La Croix : Que pensez-vous de ce livre qui révèle l’identité de l’homme, un notaire juif, qui aurait dénoncé la famille d’Anne Frank ?
Iannis Roder : Je n’ai pas lu le livre, je ne peux donc me prononcer sur la démarche historique des auteurs. Ce qui est certain, c’est que, par le passé, de nombreuses hypothèses ont circulé sur l’arrestation d’Anne Frank et de sa famille. Des dizaines de personnes ont été mises en cause. L’une d’entre elles avançait même qu’il n’y avait pas eu de dénonciation et que la police était tombée sur la cachette de la famille en effectuant un contrôle pour un autre motif.
Il ne s’agit là que de supputations et, au fond, peu importe de savoir qui a pu dénoncer la famille Frank. J’ai bien conscience de la dimension iconique que revêt aujourd’hui la figure d’Anne Frank. Mais ce livre est d’un intérêt relativement limité du point de vue de la compréhension des phénomènes historiques. Est-ce que cette hypothèse permet de mieux comprendre ce qu’a été l’histoire de la Shoah ? En aucune façon. Est-ce que cela nous apprend quelque chose sur la vie et la mort d’Anne Frank ? Pas davantage.
En revanche, ce qui pose question, c’est l’utilisation qui pourrait être faite de la divulgation de l’identité de ce possible dénonciateur. Il ne faudrait pas, au final, qu’on oublie les vrais responsables. Attention à ne pas se tromper de coupables.
Que voulez-vous dire ?
IR. : Ce livre sort aux Pays-Bas, un pays qui, après la Pologne, a été celui qui a été le plus touché par la Shoah. À l’époque, le royaume des Pays-Bas comptait 160 000 Juifs : au final, 80 % d’entre eux ont été assassinés.
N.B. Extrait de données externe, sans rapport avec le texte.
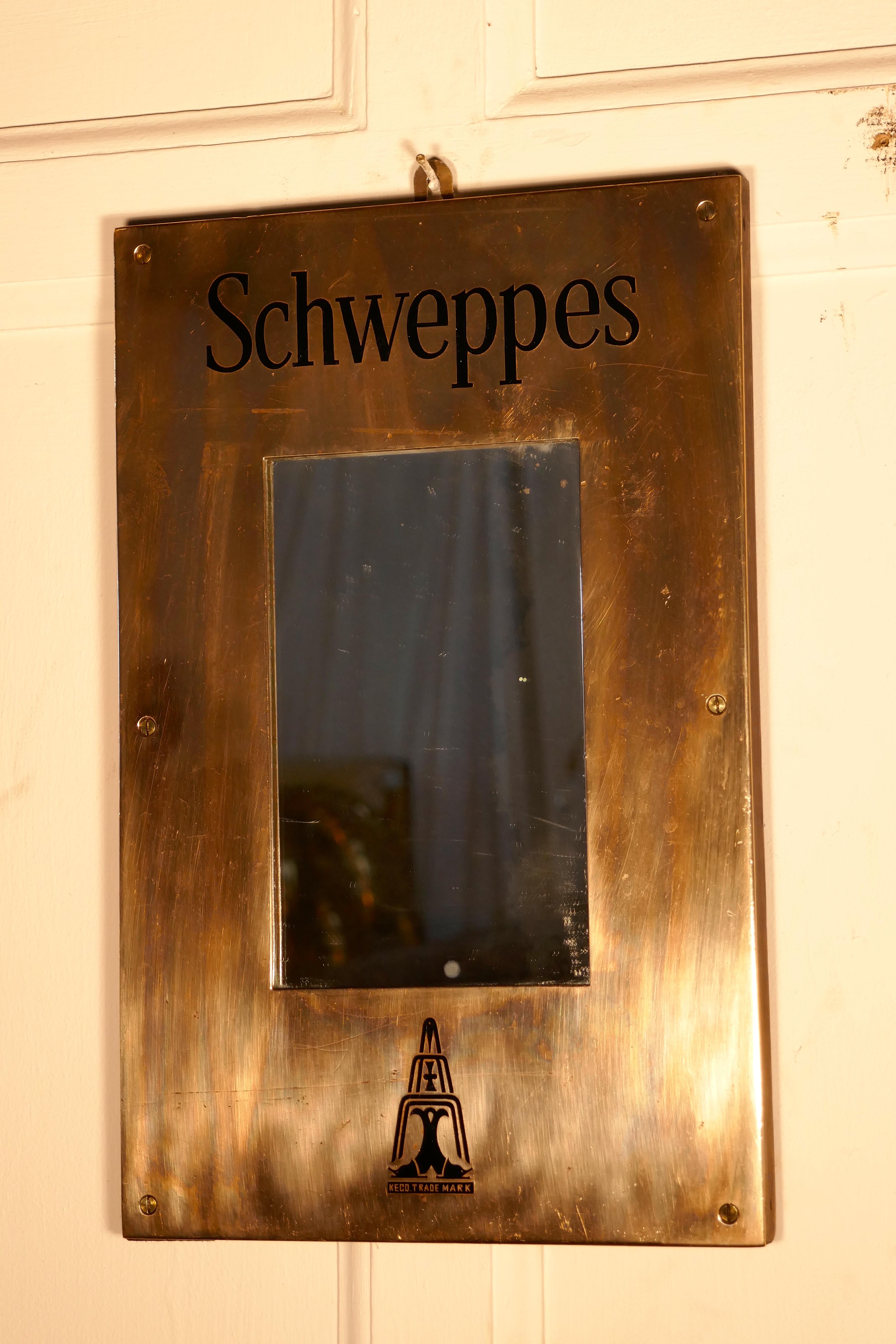 Industrial Schweppes Brass Hotel Menu Board Mirror For Sale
En France, la proportion a été de 25 %. Un autre élément à prendre en compte est le fait que la collaboration de la police et des services administratifs hollandais avec l’occupant nazi a été très importante.
Dans ce pays, il y a donc des enjeux forts autour de la mémoire et une forme de culpabilité autour de la Shoah. Dans ce contexte, soutenir que la famille d’Anne Frank a été dénoncée par un notable juif pourrait servir une forme de déculpabilisation collective : au final, c’est un Juif qui a dénoncé une famille juive. En se focalisant sur cette « révélation », il ne faudrait pas qu’on oublie que les responsables des arrestations, des rafles et au final de la Shoah, ce sont les nazis.
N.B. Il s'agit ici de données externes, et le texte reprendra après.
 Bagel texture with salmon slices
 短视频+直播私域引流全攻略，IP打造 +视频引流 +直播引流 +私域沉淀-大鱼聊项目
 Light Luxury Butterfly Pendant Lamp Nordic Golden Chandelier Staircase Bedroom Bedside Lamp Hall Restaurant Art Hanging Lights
Mais si le dénonciateur est bien ce notaire, faut-il taire cette vérité pour éviter tout risque d’instrumentalisation ?
IR. : Il ne s’agit pas de cacher quoi que ce soit. Mais pour l’instant, il s’agit juste d’une hypothèse de plus que donne cet ouvrage. Et, encore une fois, il faut faire très attention à ne pas déplacer la culpabilité sur des personnes qui, elles-mêmes, étaient le plus souvent des victimes. Dans toutes les communautés humaines, il peut y avoir des salauds bien sûr. Mais dans l’immense majorité des cas, ce sont les nazis qui ont placé les Juifs dans des situations inextricables et dramatiques. À l’époque, certaines personnes ont pu être amenées à faire des choses contre leur volonté. Juste pour sauver leur peau ou celle de leur famille.
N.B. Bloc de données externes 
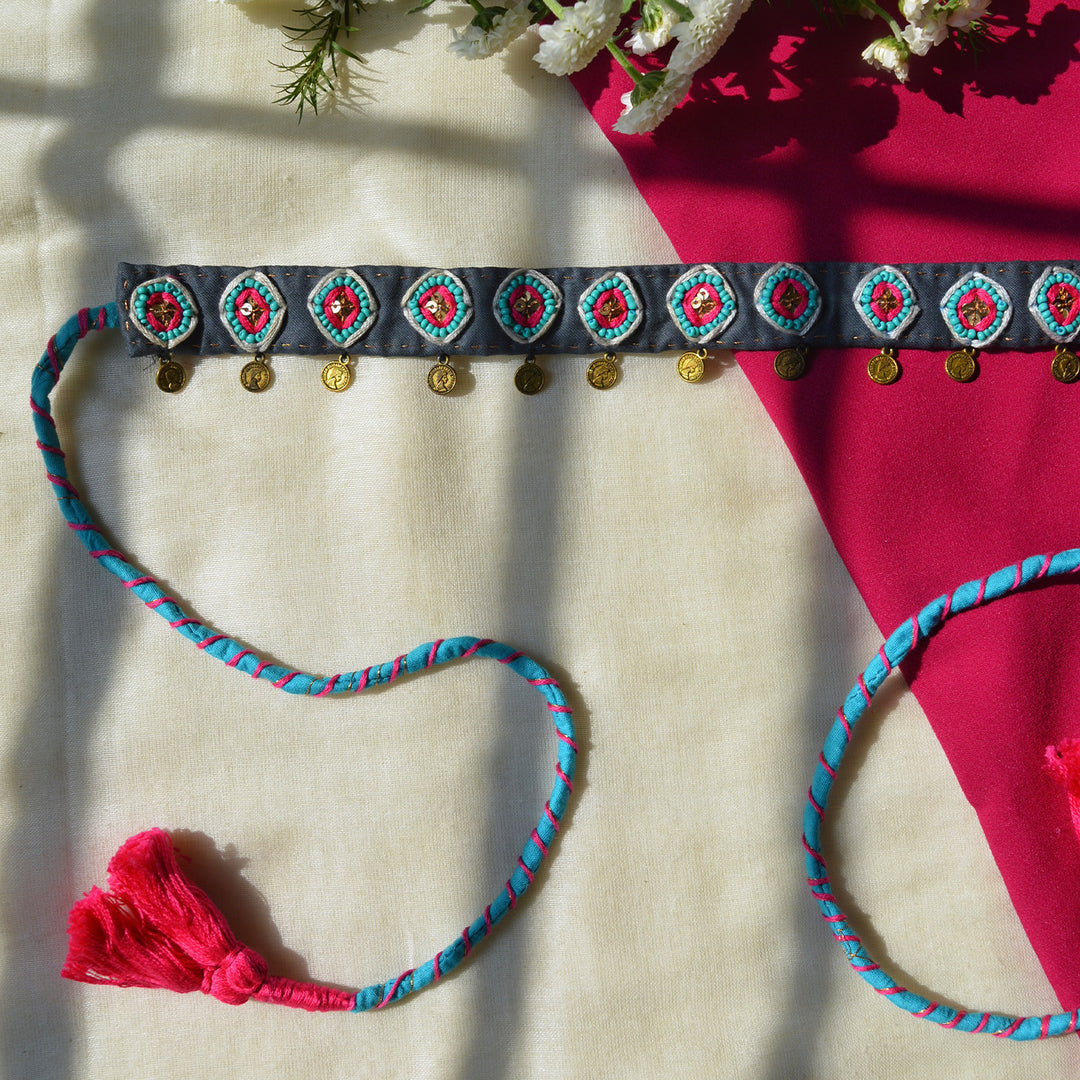 Grey Kaju Katli Silk Cotton Choker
Ce sont les nazis qui, dans les ghettos de Pologne, de Biélorussie ou d’Ukraine ont obligé des Juifs à participer à la mise à mort d’autres Juifs. C’est bien sûr une question sensible qui a suscité de nombreux débats politiques et historiographiques, notamment en Israël. On s’est interrogé par exemple sur la responsabilité des Judenrät, ces conseils juifs imposés par les nazis dans les ghettos. Étaient-ils des collaborateurs ou essayaient-ils de préserver ce qui pouvait l’être ? Dans l’immense majorité des cas, ces personnes étaient avant tout des victimes de cette perversion nazie que l’on retrouve tout au long de la Shoah. Et il faut se garder de tout jugement moral face aux comportements de ceux qui vivaient des situations si abominables.
(1) aux éditions HarperCollins, 420 pages, 19 €.